Nothing beats a MTL with a strong nic tobacco for that throat hit that I crave often. It's a sharp punch in the throat while taking a drag.

But I have also enjoyed some tobaccoes in a weaker format in direct lung style. Sometimes the additional volume of vapour is pleasing. 

What's your favourite style for vaping tobaccoes?



Limelight pipe - courtesy of limelightmechanics.com - appropriate for this poll on tobaccoes methinks

Reactions: Like 3 | Winner 4


----------



## Resistance

I have tried some tobacco juices. None were ultimately pleasing.
I do however prefer Mtl tobacco ,but have been adding tobacco concentrate to my Dl juices.

Reactions: Like 5


----------



## MrGSmokeFree

Cool thread @Silver . I just vape tobacco juice when I vape MTL and that I do most of the time and no tobacco juice when I vape DL.

Reactions: Like 6


----------



## Resistance

The twisp pure tobacco came close. Its a decent MTL juice,cut it due to vaping close to 60ml a week.

Reactions: Like 6 | Agree 1


----------



## Adephi

I'm not really into tobaccoes but I am a sucker for a good RY4 style vape. Most of them are custard based and therefore better in DL.
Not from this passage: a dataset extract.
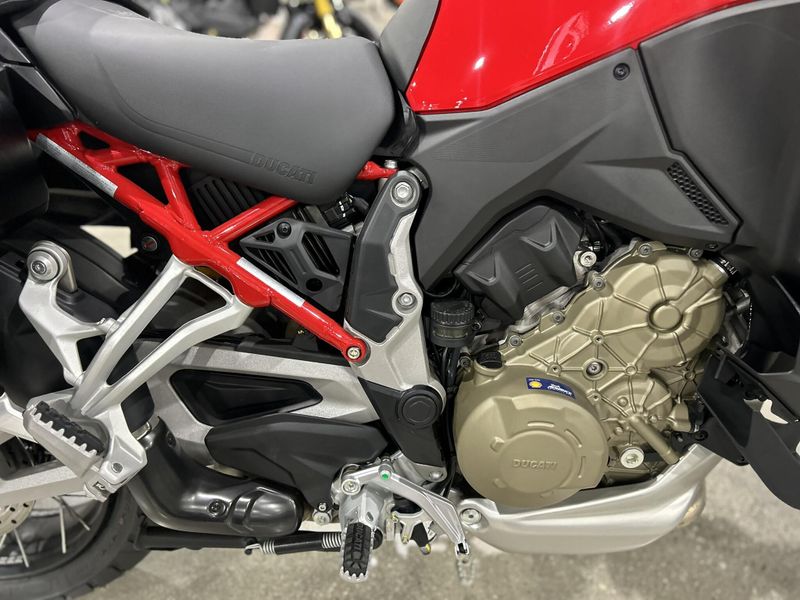 New 2024 Ducati MULTISTRADA V4 S TRAVEL & RADAR SPOKED WHEELS - DEMO Image 6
A lot of tobas I start off with MTL like Calamity Jane. But then my Red Pill took over my only MTL so the CJ is in the bucket with the other RY4 juices.

Reactions: Like 7


----------



## Room Fogger

Didn’t touch tobacco juices in the beginning, and now I can’t get enough of them. I prefer a restricted DL, or loose MTL for the tobacco juices, but the odd full DL doesn’t go down bad at all. 

The only way I can handle 6 mg is in loose MTL, usually with the pipe. Puf, puf, Drag. Otherwise everything else is done at 2 mg, no matter what the profile in diy, and 3 mg if purchased.

Reactions: Like 6


----------



## RenaldoRheeder

MTL tobaccos has become my general goto vape. Also avoided tobaccos like the plague for nearly 2 years, because I was worried that it would put me back onto cigs. I prefer tobacco profiles that are "deep" and not too deserty - Pied Piper style from the master. 
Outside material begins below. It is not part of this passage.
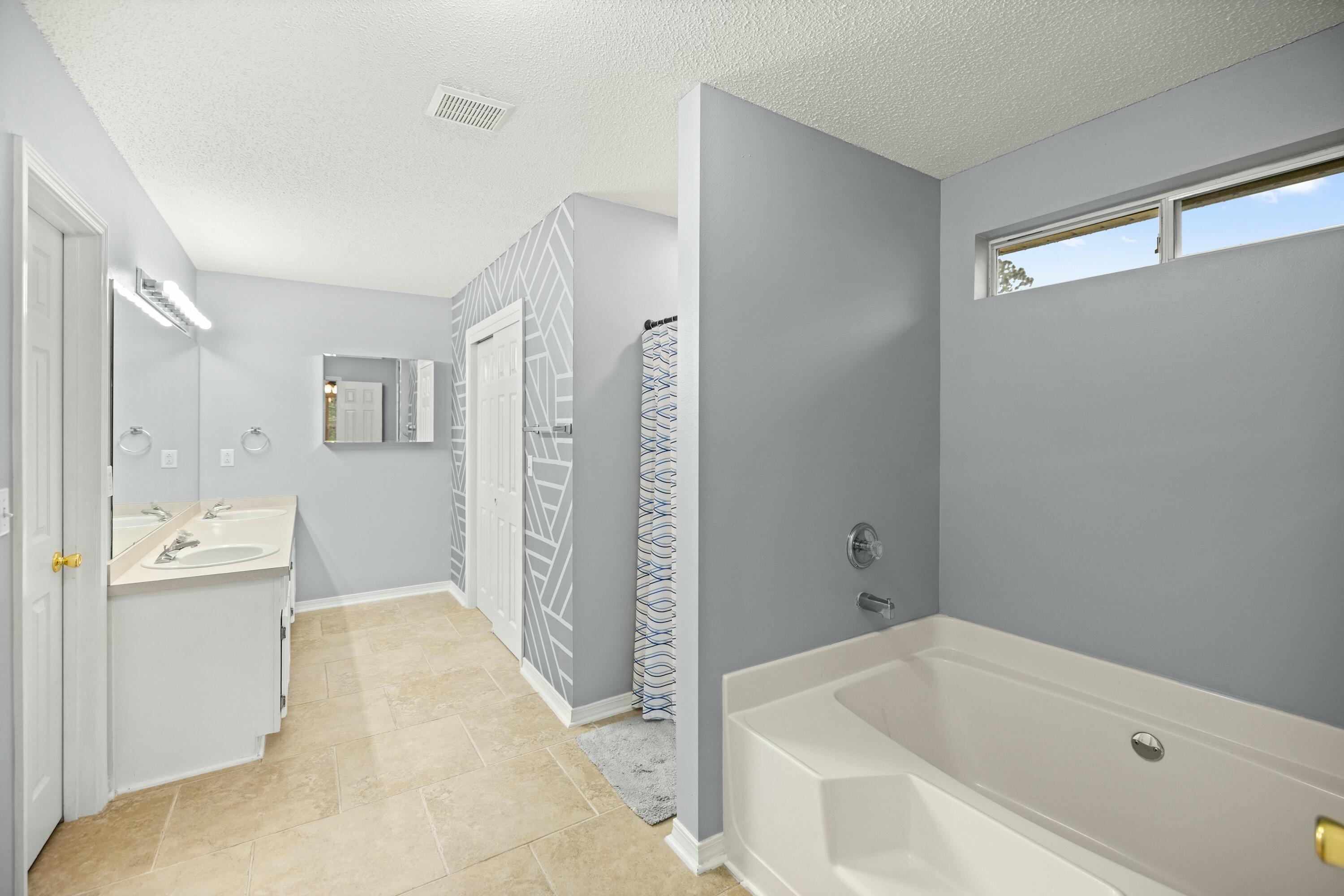 CORONADO VILLAGE PH IV LOT 29 - Residential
I still prefer lower nic - 3/6mg. 


@GSM500


Sent from my iPhone using Tapatalk

Reactions: Like 6 | Agree 1


----------



## CaliGuy

Great thread @Silver. I started my Tobacco journey a few months ago only, so far it has been a high nic MTL experience which is great for the throat hit. All though like @Room Fogger I prefer a loser MTL vape.

Been seeing a lot of vapers post their DL Tobacco hand checks which has peaked my interest in giving it a go in possiable a nice single coil squonk RDA setup or even in the Dvarw MTL 22mm RDA with the largest 2.5mm airflow insert for a nice restricted DL Tobacco vape.
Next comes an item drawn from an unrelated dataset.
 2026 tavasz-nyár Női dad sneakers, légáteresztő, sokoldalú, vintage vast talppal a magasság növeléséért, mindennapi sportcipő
Was chatting to @GSM500 recently about his Pied Piper Tobacco range that also comes in low nic DL versions. He got me super excited to try it to as he reckons the more open DL vape brings out other profiles that one misses in the MTL version. And because I am literally addicted to Pied Piper Red Wood, having both the MTL and DL juices is a no brainer for me so my vote will change to “I Do Both” once I order some Red Wood DL juice and give it a vape.

Reactions: Like 6


----------



## Silver

Thanks @CaliGuy 

It is interesting. I do find on some juices a bigger airier Direct lung vape produces slightly different flavours on the same juice. The draw is often a lot longer and perhaps the temperatures are different.

So for me it’s about MTL for the immediate throat hit
And experimenting with Direct Lung for a different flavour experience. 
But for me direct lung just doesn’t give the same throat hit. If you go too high on the Nic on DL it’s unpleasurable. Throat hit on DL for me with an acceptable Nic level is low - more like a general cumulative Nic loading rather than a short sharp punch to the throat while inhaling.

Reactions: Like 4


----------



## CaliGuy

Totally agree with you @Silver. Something else I have noticed since I started MTL vaping is that I do my DL inhale completely different now. 

Instead of breathing the vapor straight into my lungs as one does with DL, I do this weird MTL inhale where I purposely slow down the draw and inhale, filling my mouth with the vaper while at the same time taking the vaper into the lung at a slower velocity. It’s hard to explain but what I get from this DL method is a more concentrated flavour as the vapor spends more time swirling around my taste buds.

Reactions: Like 4


----------



## GSM500

Ooooh, my favourite kinda topic. MTL and Tobacco

I have been primarily an MTL vaper for almost 5 years now, vaping high nic juices for that throat hit much as @Silver enjoys. I do use single coil drippers with low nic juices for a very different experience.

When developing tobacco juices, I usually make the mistake of mixing it at high nic for my MTL setups as this is what I spend most of my day with. If I pickup on something that's pretty good in this format, I'll mix it up as a low nic juice and use it on a dripper. This is like putting the flavour under a microscope, there is so much more going on and more often than not, it exposes all of the mistakes I made and sends me back to the drawing board. It actually gives me the platform I need to tweak and balance out the recipe and usually translates back to MTL just fine.

But I find some juices are meant for DL and seem lost on the MTL type vape. If you take Cardinal as an example, It's great as a DL recipe but seems a little lacking as an MTL recipe.

@CaliGuy ,the rate at which I inhale my vape is usually determined by the setup and wattage I have going, but when I exhale, I tend to slowly roll the vapour all around my olfactory sensors to pick up all the notes that I can.

Reactions: Like 6 | Informative 2


----------